"And such fugitive, after the master has been paid therefor, shall be discharged from such service."
Mr. MOREHEAD, of Kentucky:—I am opposed to this amendment upon every ground. I would rather see some direct scheme of emancipation adopted and inserted in the Constitution. Adopt this amendment, and the result is inevitable. It would amount to emancipation upon the largest possible scale. Our slaves would escape, you would rescue and pay for them, and that would be the end of them. Why not leave it to Congress to pass the necessary laws upon this subject? The adoption of this amendment would destroy all hope that our labors would be acceptable to the South. I say again, we had better establish emancipation at once.
Mr. DENT:—If this amendment is to be adopted, I hope we shall at the same time reconsider the vote by which we rejected the amendment of the gentleman from North Carolina, requiring the payment by the county, city, or town wherein the slave is rescued from the custody of the law. This provision would make the General Government pay for the crimes of a few citizens in one section. In that case the General Government ought to own the negro. It has paid for him, and the property in him ought to be transferred.
Mr. WILMOT:—There is nothing in this. We do not wish to have the Government own the negro. It is bad enough to have individuals own slaves. We do not propose to turn the Government into an extensive slave owner.
But let me ask the gentleman seriously, who is to own the negro, in such a case, after he has been paid for? Certainly not the former owner, because his right is gone. This amendment only states a conclusion of law; the right of the owner being gone, the negro is free.
Mr. CHASE:—I think a single word will settle this. By the Constitution as it now stands, the escaped fugitive is not discharged from service or labor. The original section, as proposed, requires that the slave should be paid for, when he is rescued. Now, he might be rescued three or four times. Shall he be paid for as often? Do gentlemen claim that his owner shall receive compensation more than once? I cannot see why gentlemen interested in slavery should object to this amendment.

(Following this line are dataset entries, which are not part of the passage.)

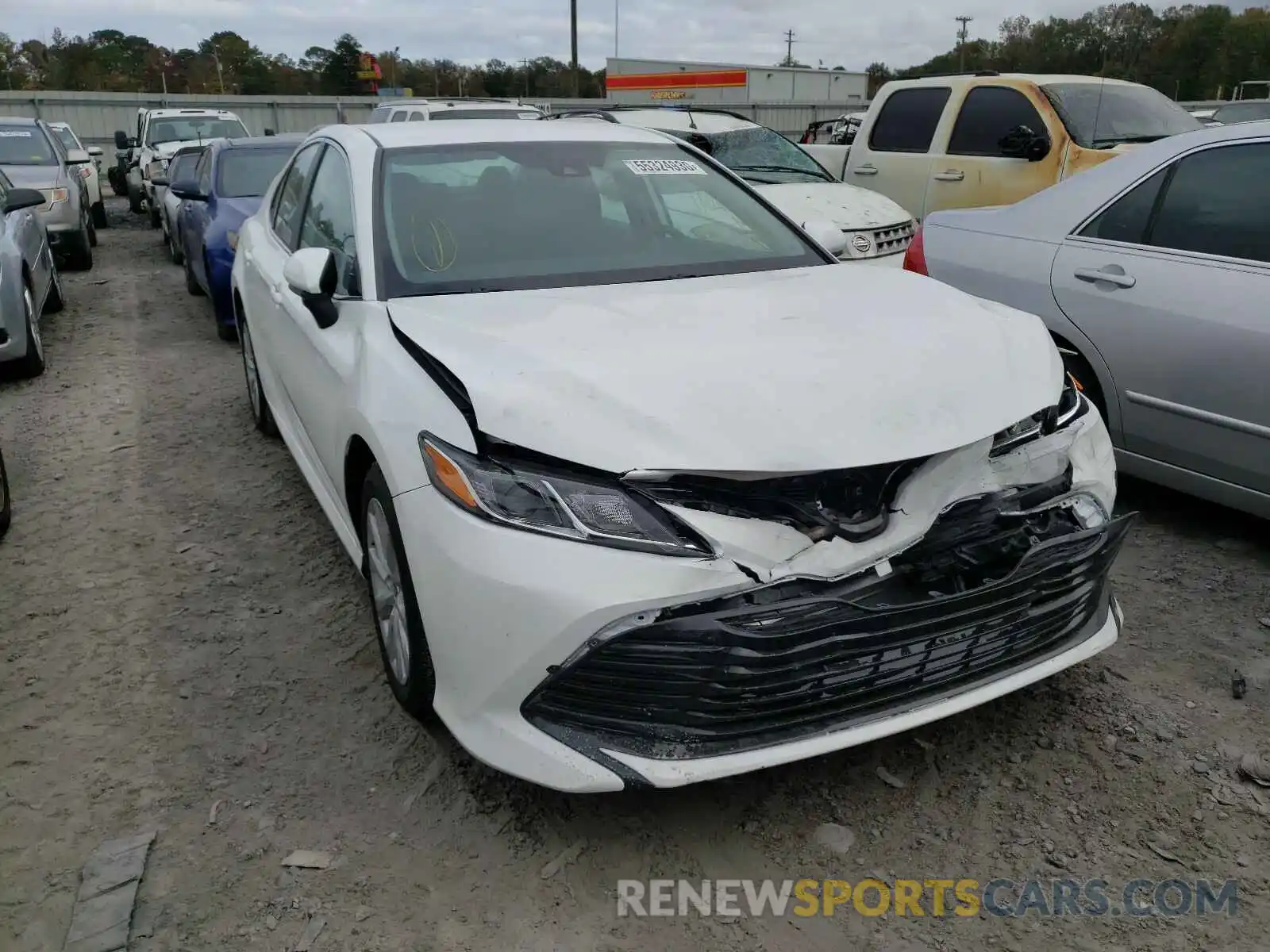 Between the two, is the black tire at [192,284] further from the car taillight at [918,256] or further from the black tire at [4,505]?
the car taillight at [918,256]

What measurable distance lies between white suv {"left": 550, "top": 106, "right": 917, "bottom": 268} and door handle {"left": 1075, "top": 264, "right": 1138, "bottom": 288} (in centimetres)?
219

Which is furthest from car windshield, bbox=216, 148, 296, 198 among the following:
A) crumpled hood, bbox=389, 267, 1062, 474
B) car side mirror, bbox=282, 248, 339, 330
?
crumpled hood, bbox=389, 267, 1062, 474

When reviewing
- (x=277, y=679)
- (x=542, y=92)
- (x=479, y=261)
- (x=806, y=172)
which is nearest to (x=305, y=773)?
(x=277, y=679)

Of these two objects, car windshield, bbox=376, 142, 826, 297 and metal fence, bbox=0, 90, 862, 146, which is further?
metal fence, bbox=0, 90, 862, 146

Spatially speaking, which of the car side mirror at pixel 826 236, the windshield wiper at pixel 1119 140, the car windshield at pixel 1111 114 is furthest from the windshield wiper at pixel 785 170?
the car side mirror at pixel 826 236

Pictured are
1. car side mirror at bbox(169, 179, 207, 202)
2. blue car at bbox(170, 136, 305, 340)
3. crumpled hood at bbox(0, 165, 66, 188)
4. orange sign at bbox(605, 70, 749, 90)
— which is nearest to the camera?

Mr. RIVES:—I think if gentlemen would look at this proposition seriously, there would be no difference of opinion among us. Such a proposition would foist into the Constitution a most injurious, pernicious, and troublesome doctrine. By the most ultra abolitionists of the free States the power of emancipating our slaves has been disclaimed. From the organization of the Government, no such right has been claimed by any respectable party or body of men. The question arose in the first Congress, I think, upon the petition of the Quakers of Pennsylvania. It was decided almost unanimously against the power, even when exercised by Congress. But there is no need of multiplying or citing precedents. From that time to this, no political party has claimed the power of emancipation. Such is the universal doctrine now.
The right to abolish slavery in the District of Columbia is now claimed by some. I think that is the doctrine of Mr. Chase. But upon what argument is it founded? Simply this: That the States, by the act of cession, have surrendered this power to Congress. This is the only argument I have ever heard in favor of the right, even in the District.
But this amendment proposes a most comprehensive scheme of emancipation. It accomplishes emancipation in every one of the slave States. It amounts to forcible emancipation upon the principle of compensation.
The point has been well stated by gentlemen who have preceded me. Place this in the Constitution, and there is an end of returning fugitives. The very courts will act upon it. They will say that if any one will come forward and pay the value of a slave when arrested, all the requirements of the Constitution are satisfied, and he shall go free.